Like 2008, many in the Democratic establishment assumed the primary would be a coronation for Clinton. When Sanders announced his candidacy, it was with little fanfare. The political intelligencia viewed the Vermont Democratic Socialist as a gadfly who would barely register support.

To Hillary’s chagrin, Sanders’ campaign became a movement. There was a vacuum, which he filled. Many in the Democratic Party felt that they had held their nose and supported candidates in the past who were too close to what Sanders terms “large financial institutions.” There was also an anti-foreign interventionist strand in the party, which was disaffected by the hawkish policies supported by Clinton, including her support for a troop surge in Afghanistan, an invasion of Libya, and her support for Israel during its 2014 military campaign in Gaza.

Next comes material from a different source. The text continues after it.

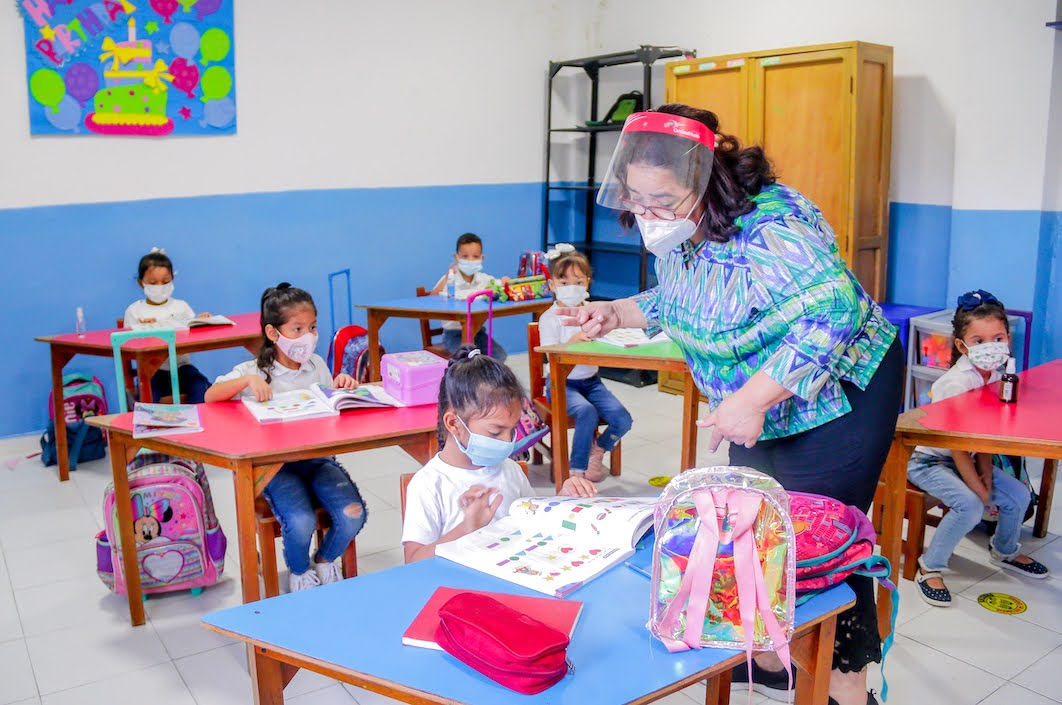 Niños en pleno proceso educativo.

No other candidate filled that vacuum like Sanders. He became a tribune for voters who had lost faith in the political establishment. By Sanders becoming the voice of the disaffected left, Clinton became styled as a voice of the establishment. This made the primary a lot more competitive than most expected and cast Clinton as the candidate of the big financial institutions and militarists in the general election.

Had the Republican Party nominated an establishment-oriented candidate, Sanders’ supporters might have chosen Hillary, arguing that she is the lesser of two evils. However, the GOP nominated Donald Trump, whose message of economic nationalism, criticism of financial institutions, and oft-mentioned opposition to the invasion of Iraq and the U.S. intervention in Libya made him more palatable to the disaffected voter. Hillary was required to ameliorate the chasm between center-left and liberal Democrats. This was valuable time she could have been using to win over moderates. Consequently, 12 percent of Sanders’ supporters marked ballots for Trump in the general election. Data from Political Wire shows this to be enough to swing the election to Trump.

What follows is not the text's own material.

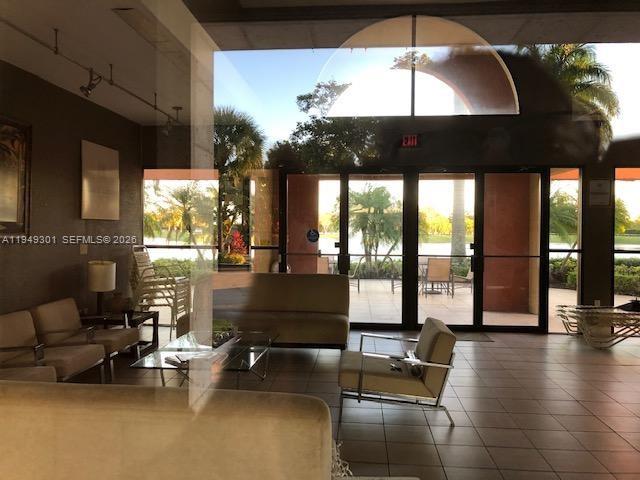 VILLAS AT LAKEVIEW CONDO - Residential Lease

In addition, some Sanders supporters chose Green Party nominee Jill Stein, Libertarian nominee Gary Johnson, or could just not bring themselves to select Clinton.

Despite Sanders’ request that his supporters vote for Clinton, some saw Trump as more in line with their populist ideologies.

There is a great similitude with the Democratic Party’s predicament in 2016 and 1968. In 1968, U.S. Senator Eugene McCarthy (D-MN), whose flagship issue was ending U.S. involvement in the Vietnam War, lost the Democratic Presidential nomination to Vice President Hubert Humphrey. Humphrey had supported the policies of President Lyndon B. Johnson of continuing the war.

Iowa Governor Harold Hughes and Vermont Governor Philip H. Hoff unsuccessfully beseeched Humphrey to resign as vice president to separate himself from the unpopular administration, but Humphrey instead walked a political tightrope, not wanting to alienate himself from the Democratic establishment, while trying to secure the support of McCarthy supporters.

In part, because of the influence of McCarthy and his vociferous supporters, on Sept. 30, Humphrey announced that as president he would order a unilateral bombing halt in Vietnam “as an acceptable risk for peace.”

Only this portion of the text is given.